DIRECTED BY: Felix Laurson
FEATURING: Felix Laurson, the music of Klaus Nomi, and a number of people documented as having been paid for contributing to the production
PLOT: Difficult to say; see below.
COMMENTS: The movie industry is replete with legendary lost films, pictures–pulped to make space in warehouses or damaged beyond recovery by time–that aficionados agree, based on contemporaneous reviews and publicity stills, might today be regarded as classics. A very long list of such possible classics might include the little-known Teach a Man to Fish, a film that possibly no one other than its director (Felix Laurson, who also wrote the screenplay and did the editing) has actually seen.
What few details we have about the film come from three sources. The bulk of it comes from interviews Laurson gave to press outlets over the years, including a 1986 interview for Der Schaden from his residence in the Kugelmugel (a self-declared independent republic located in Prater Park, Vienna – see image); a 1993 interview with Texte zur Kunst while living in a villa in Gjirokaster; and a March 2014 interview he gave from his residence in Crimea for a German film podcast. Financial and legal documents also give us tantalizing hints of other details of the film’s contents. But we’ve never had the film itself; all ten copies of it were reportedly destroyed in a Berlin warehouse fire the night before they were distributed to theaters. Laurson did his best to embrace the tragedy, encouraging moviegoers to treat the entire film and its loss as performance art, asking his prospective audience and film reviewers to take part in the performance by imagining what the film must have been like, sharing how they reacted to it, and thereby contributing to the creative process.

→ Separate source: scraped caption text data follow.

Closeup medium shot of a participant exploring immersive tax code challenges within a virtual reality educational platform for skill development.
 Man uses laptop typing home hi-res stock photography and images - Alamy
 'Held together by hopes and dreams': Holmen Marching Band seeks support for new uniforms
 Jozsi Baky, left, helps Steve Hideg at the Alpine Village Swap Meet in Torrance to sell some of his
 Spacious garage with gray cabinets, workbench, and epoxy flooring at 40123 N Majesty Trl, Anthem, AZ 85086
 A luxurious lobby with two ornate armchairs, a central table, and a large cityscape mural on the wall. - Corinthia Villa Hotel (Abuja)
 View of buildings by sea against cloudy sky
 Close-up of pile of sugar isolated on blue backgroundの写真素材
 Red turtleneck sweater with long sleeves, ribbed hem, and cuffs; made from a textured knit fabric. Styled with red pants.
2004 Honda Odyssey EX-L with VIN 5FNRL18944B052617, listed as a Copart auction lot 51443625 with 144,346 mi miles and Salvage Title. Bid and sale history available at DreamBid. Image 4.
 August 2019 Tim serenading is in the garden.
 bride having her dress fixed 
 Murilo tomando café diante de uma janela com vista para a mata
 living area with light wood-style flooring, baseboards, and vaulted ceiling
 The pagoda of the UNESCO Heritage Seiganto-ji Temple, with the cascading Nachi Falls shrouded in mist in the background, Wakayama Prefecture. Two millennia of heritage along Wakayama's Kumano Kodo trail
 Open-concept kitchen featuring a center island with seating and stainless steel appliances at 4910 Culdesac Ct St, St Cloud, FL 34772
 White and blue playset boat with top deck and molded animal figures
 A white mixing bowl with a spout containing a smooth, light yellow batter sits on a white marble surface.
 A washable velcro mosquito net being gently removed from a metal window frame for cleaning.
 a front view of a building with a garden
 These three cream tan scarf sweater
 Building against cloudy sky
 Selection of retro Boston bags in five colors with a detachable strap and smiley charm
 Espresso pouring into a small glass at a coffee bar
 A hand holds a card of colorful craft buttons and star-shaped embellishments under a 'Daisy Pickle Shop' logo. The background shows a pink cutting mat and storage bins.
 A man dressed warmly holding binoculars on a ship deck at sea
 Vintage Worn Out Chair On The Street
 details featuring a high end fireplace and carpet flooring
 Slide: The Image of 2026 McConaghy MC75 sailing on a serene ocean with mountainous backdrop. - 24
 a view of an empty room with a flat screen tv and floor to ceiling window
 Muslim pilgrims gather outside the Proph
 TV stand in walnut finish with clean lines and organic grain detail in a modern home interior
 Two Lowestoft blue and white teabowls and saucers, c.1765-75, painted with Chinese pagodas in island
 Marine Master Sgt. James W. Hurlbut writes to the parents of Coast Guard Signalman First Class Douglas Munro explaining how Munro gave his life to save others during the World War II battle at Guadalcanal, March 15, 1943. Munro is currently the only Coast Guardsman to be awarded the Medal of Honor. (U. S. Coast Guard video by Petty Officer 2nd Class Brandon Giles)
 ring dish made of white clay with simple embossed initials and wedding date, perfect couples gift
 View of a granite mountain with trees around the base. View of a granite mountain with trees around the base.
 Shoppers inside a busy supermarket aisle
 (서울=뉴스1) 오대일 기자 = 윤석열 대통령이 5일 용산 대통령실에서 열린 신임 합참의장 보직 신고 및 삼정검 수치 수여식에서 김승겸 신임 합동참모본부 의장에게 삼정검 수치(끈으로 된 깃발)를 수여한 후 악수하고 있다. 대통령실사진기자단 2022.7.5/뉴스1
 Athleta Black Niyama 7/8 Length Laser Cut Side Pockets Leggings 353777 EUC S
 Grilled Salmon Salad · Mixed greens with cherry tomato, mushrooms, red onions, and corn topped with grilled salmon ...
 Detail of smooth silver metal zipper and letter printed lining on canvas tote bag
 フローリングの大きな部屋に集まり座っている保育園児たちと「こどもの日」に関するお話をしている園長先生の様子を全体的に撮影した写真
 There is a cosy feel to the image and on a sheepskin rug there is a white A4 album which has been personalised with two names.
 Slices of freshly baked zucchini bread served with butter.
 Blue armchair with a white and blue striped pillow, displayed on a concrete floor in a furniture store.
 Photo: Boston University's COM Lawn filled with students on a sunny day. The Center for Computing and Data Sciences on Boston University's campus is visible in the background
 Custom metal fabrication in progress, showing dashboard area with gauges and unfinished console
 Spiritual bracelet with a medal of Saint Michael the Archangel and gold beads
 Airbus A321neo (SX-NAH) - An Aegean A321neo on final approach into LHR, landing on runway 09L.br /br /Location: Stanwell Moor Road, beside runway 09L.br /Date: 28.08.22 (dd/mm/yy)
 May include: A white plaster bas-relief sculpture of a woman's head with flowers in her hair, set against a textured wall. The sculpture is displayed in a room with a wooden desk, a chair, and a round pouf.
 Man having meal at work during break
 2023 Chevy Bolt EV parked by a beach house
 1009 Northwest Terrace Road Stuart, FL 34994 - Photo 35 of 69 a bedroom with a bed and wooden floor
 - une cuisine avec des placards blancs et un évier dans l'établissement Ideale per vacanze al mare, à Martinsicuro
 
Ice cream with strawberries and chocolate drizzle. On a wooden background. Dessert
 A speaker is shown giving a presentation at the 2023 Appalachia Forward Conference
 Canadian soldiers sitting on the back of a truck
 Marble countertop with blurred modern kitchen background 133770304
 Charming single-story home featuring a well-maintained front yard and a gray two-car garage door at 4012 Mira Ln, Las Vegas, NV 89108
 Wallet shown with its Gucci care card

What we know about the film suggests it was very likely weird. Laurson spent much of the late 70s as an avant-garde performance artist in the seedier end of Berlin’s countercultural scene, developing an ever-more grandiose scope for his absurd and anarchic view of the world, a scope that he eventually felt could only be expressed in the form of an art film. Teach a Man to Fish was an expansion of a performance he put on at several venues during 1978: he would goad the audience to demand he swallow live tropical fish as an expression of the cruelty to which everyday people can be driven by the lure of fame and eye of the public. In the interviews, he described a host of amateur actors hired from the Berlin art and punk scene, costumes involving brightly-colored electrical tape and Q-tips taped on actor’s faces in vortex patterns, and a warehouse festooned with fish skeletons as essential elements of his vision. He also mentioned his fascination with Klaus Nomi’s haunting rendition of “The Cold Song” as an inspiration.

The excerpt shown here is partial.